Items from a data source
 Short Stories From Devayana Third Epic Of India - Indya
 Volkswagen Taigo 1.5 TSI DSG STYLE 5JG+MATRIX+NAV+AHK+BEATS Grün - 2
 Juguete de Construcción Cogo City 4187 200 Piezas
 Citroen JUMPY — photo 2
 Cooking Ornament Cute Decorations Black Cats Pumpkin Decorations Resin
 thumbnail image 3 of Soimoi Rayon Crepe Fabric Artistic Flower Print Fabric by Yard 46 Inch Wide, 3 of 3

#### EXERCISE DETAILS
Look above for the line with "Cooking Ornament Cute", then copy it and each later line exactly, stopping at the last line of the records.

#### EXERCISE SOLUTION
 Cooking Ornament Cute Decorations Black Cats Pumpkin Decorations Resin
 thumbnail image 3 of Soimoi Rayon Crepe Fabric Artistic Flower Print Fabric by Yard 46 Inch Wide, 3 of 3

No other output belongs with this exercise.